Comment Blockage Issue

Several people have had problems commenting recently. I’m guessing that the issue is that I recently added the word “Successful” to my blacklist, because I was getting so much spam from malicious morons using that as a user name. Unfortunately, WordPress doesn’t distinguish between strings from user names and content, so that was probably the problem that commenters were having. I’ve removed it, and we’ll see if that solves the problem. Unfortunately, it will recreate the problem with my moron spammers.

As an aside, I have to say that I’m very unhappy with WordPress’ inherent comment-spam-blocking system. It seems to me that multiple comments to multiple posts from the same IP in a few minutes should be automatically blocked, or at least held, but it doesn’t seem smart enough to do even that. MT, for all its flaws, could do that years ago. I have to look into a better solution.

I hate to go to a captcha system, but that may be the only solution. I’ve always wanted to make commenting here relatively painless, but apparently the spammers are going to ruin it for the rest of us, as they have with email.

[Monday morning update]

OK, per advice in comments, I’ve added the WP-Spamfree plugin. We’ll see how it goes.

17 thoughts on “Comment Blockage Issue”

  1. Thanks for tracking this down. It makes sense, each of my blocked posts was distinguishing between s*cc*ssf*l” and failed infrastructure. Could you announce the list of spam-filtered words? That way I’ll know what the problem is next time and use a thesaurus to fix it. In this case “productive” or “flourishing” or similar would have worked almost as well as “s*cc*ssf*l”.
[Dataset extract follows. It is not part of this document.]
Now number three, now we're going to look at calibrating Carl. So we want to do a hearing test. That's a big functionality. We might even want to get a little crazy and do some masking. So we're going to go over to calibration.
    BTW, “s*cc*ssf*l” is still apparently being blocked as I’ve had to add the “*” to make it show up.

  2. Akismet catches most spam. I’m not entirely happy with the way it works though — I’ve had a few (fortunately, very few) normal comments get stuck in the queue, which means I don’t dare just delete all the spam, I have to look at it to make sure no one’s comments get held up. Still, it’s better than nothing.

  3. I ended up writing a MovableType anti-junk plugin that lets you match on specific fields such as commentor name (plus one to automatically ban IP addresses that generate multiple junked comments). It has worked quite well for me but neither has been a particularly popular plugin. That implies few people find the functionality useful which is likely why it’s not available for WordPress.
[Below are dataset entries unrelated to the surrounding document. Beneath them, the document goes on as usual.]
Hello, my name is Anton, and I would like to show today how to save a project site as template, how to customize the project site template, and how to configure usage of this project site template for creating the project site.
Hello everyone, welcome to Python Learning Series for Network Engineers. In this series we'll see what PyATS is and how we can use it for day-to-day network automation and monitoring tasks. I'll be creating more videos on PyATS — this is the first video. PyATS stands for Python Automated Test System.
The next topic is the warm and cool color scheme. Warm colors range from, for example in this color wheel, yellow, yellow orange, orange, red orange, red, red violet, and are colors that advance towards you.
  4. My advise, if it is possible, is that you subscribe to some sort of spam blacklist so you do not have to manually update it. Otherwise, use a captcha.

    Not sure how you can add user feedback supported bayesian filtering to MovableType tough.

  5. Considering the spam problem I had when I was blogging — before I started using CAPTCHA, and added moderation of unregistered commenters — I’d really hate to imagine what things would have been like if it had been a higher-traffic site.

  6. Rand,
    I think most of us comment elsewhere and use the captcha system. I’d say try that to eliminate the spammer(s). Make it easier for yourself. Anyone too lazy or dumb to fill in the required block, is probably also for fee cheese and Obamacare.

  7. Rand,

    Have you heard of WP-Spam free plugin? It’s better than Askimet as it allows humans to comment while blocking the bots.

    I’ve used it on my sites, with the only side effect being…spammers are hiring humans to spam my threads now. Sigh.

  8. Akismet has been pretty solid for me, once I got it set up. But I don’t have THAT much traffic on any of my blogs.

  9. So, do we repost the blocked comments or can you salvage them out of the ‘catched’ file that told us we had already made that comment when it wouldn’t let them through?

  10. Make that f-R-e-e cheese, Al.

    It’s only f-e-e cheese if you’re one of the one’s paying taxes.

  11. Yes, but that’s why it was funny.

    You know it’s fee cheese, I know it’s fee cheese, but the “loyal opposition” just thinks all R’s are rrrrracist, and thus probably can’t tell the difference between feedom and freedom anyway.